((

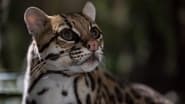 American Ocelot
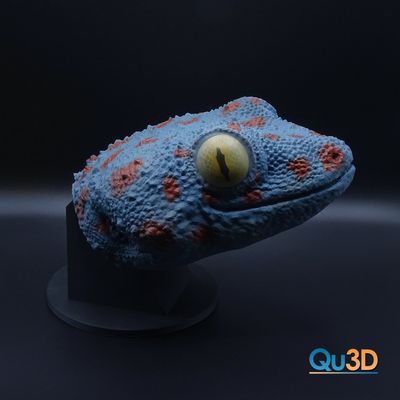 Tokeh, Tokee, Gekko gecko, Portrait,  3D-Druck -Modell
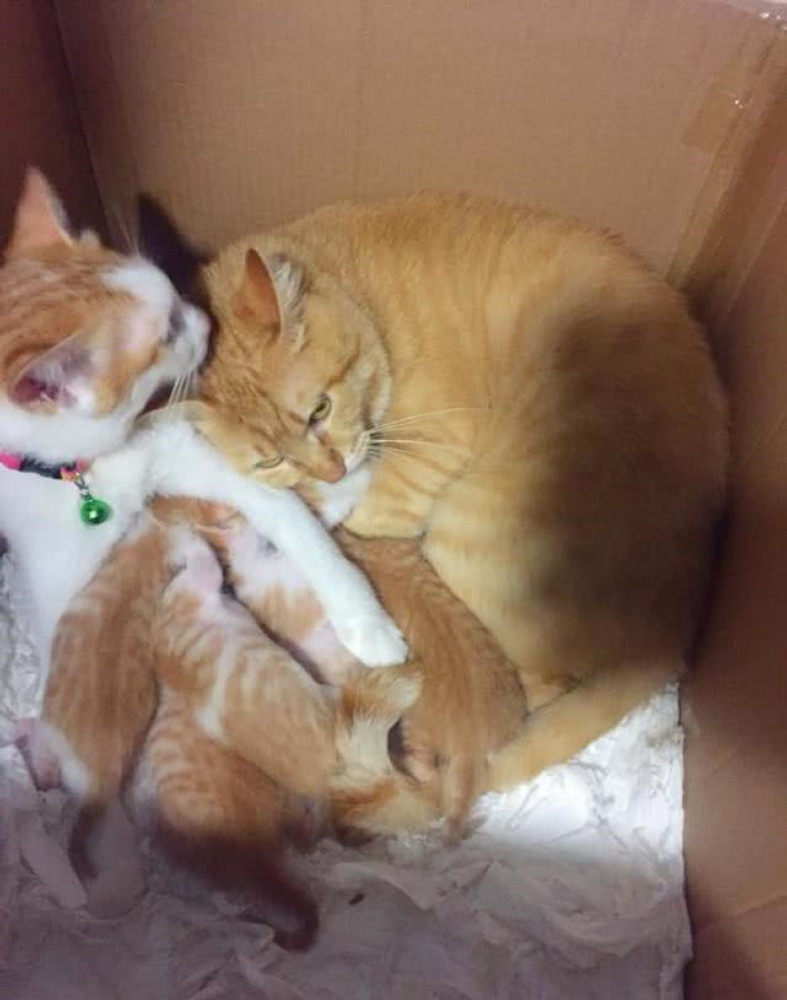 橘猫一胎生下五宝,再看猫崽爸妈这体型,主人:这次要吃穷了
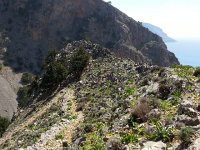 20170408 120832  the trail we came up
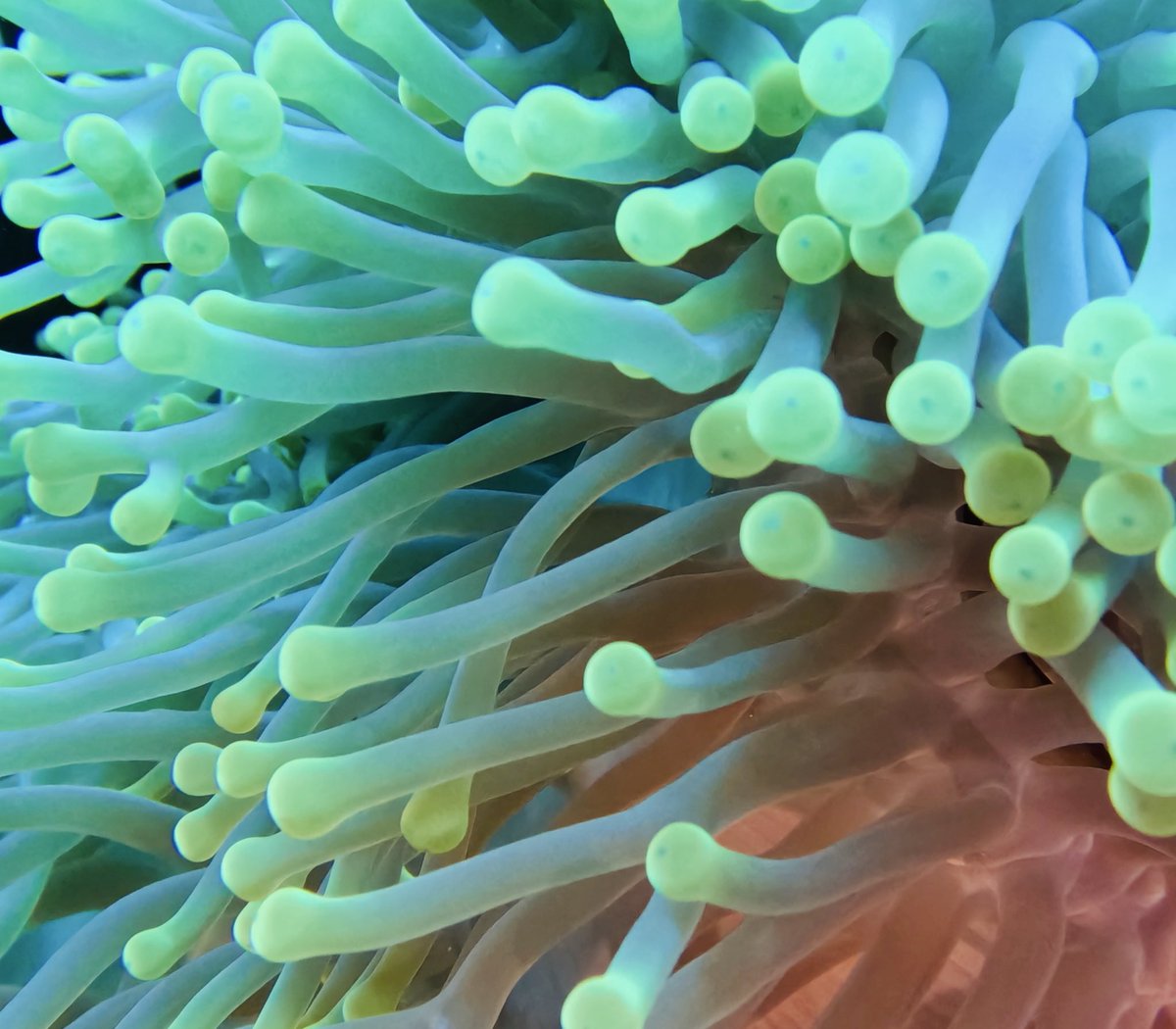 timehughes's tweet photo. Macro underwater photography @BackscatterUW @GoPro #TGSAC #RedSea #Egypt @EmperorDivers @Regaldive @PADI @TheScubaNewsEG #scuba #diving https://t.co/hwFH6YIgVx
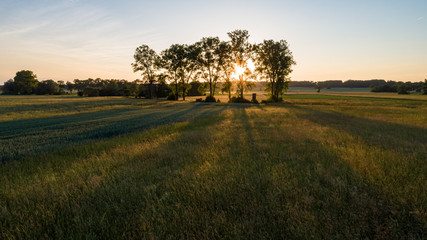 Fototapeta premium Baumgruppe im Sonnenuntergang von oben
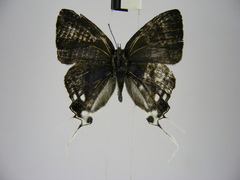 Hypolycaena nigra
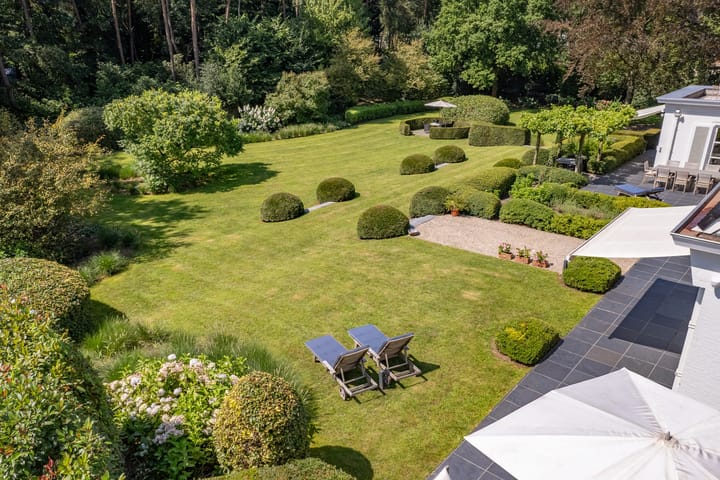 Foto 39 van Struikenlaan 13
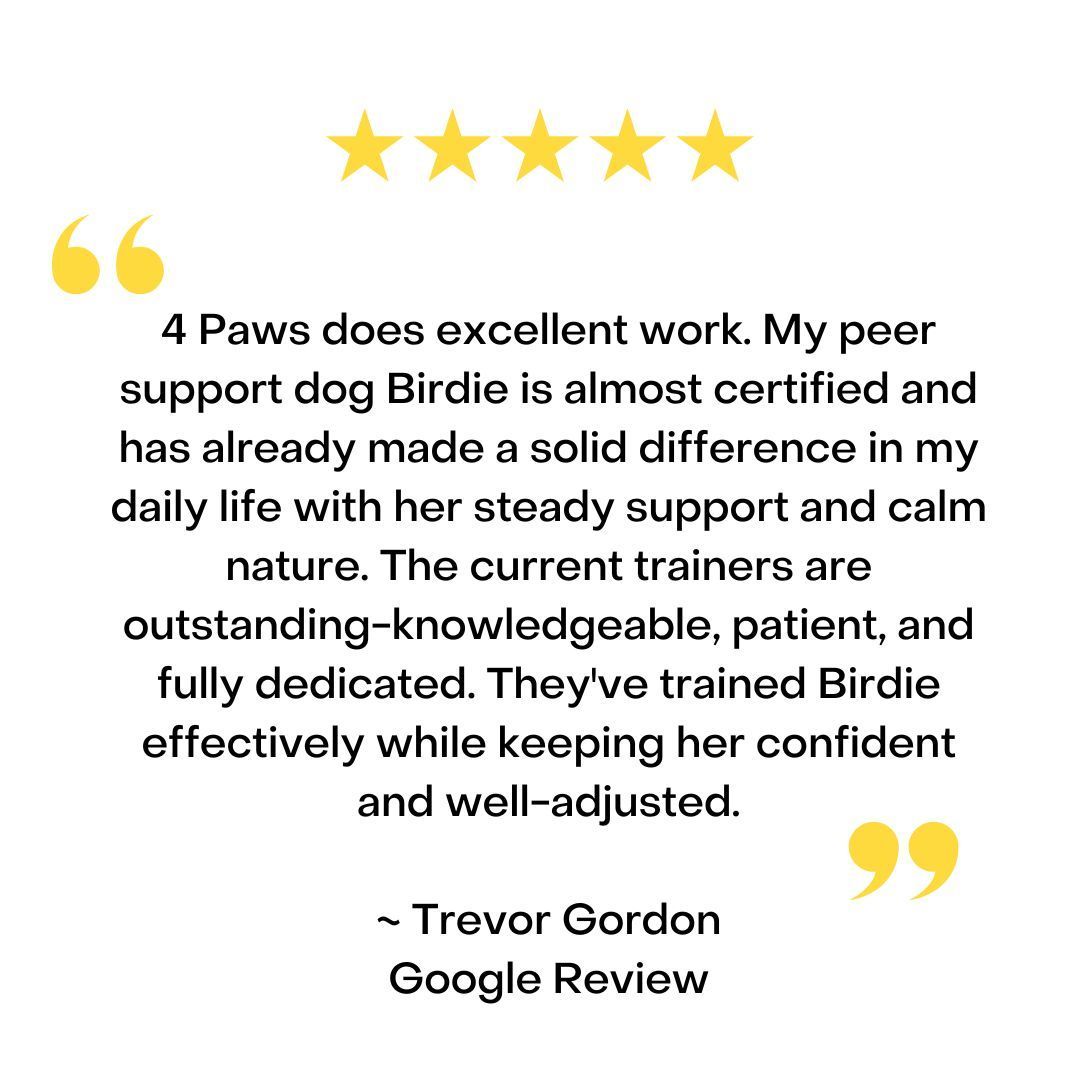 Five-star Google review from Trevor Gordon praising 4 Paws for training his peer support dog, Birdie.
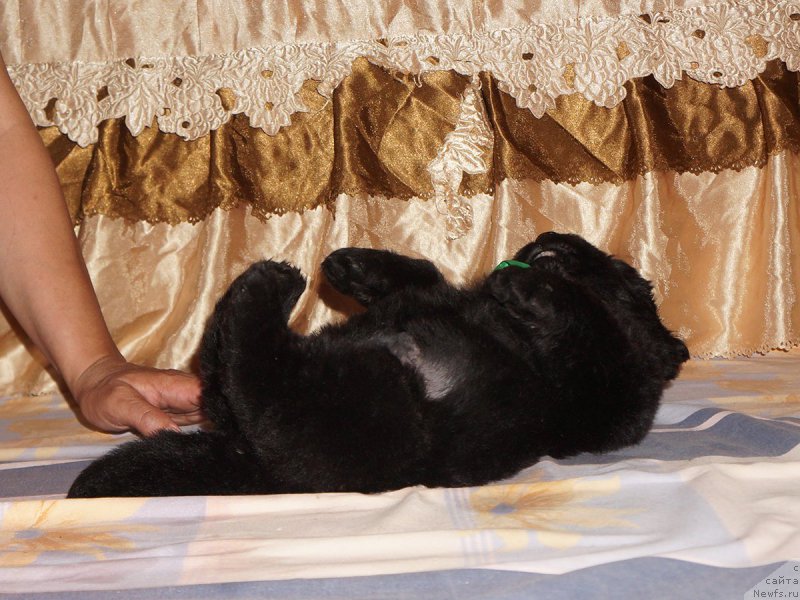 Фотография № 211310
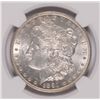 Image 2 : 1891-CC Morgan Dollar NGC MS-61 (Spitting Eagle)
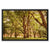 Forest 2 Framed Canvas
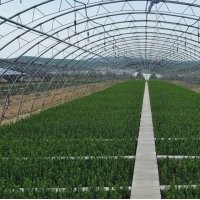 供應(yīng)曼地亞紅豆杉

))

From the line containing "Фотография № 211310" to the last line of the records above, return each line exactly, both ends included, and nothing more. Leave out the pictures.

 Фотография № 211310
 Image 2 : 1891-CC Morgan Dollar NGC MS-61 (Spitting Eagle)
 Forest 2 Framed Canvas
 供應(yīng)曼地亞紅豆杉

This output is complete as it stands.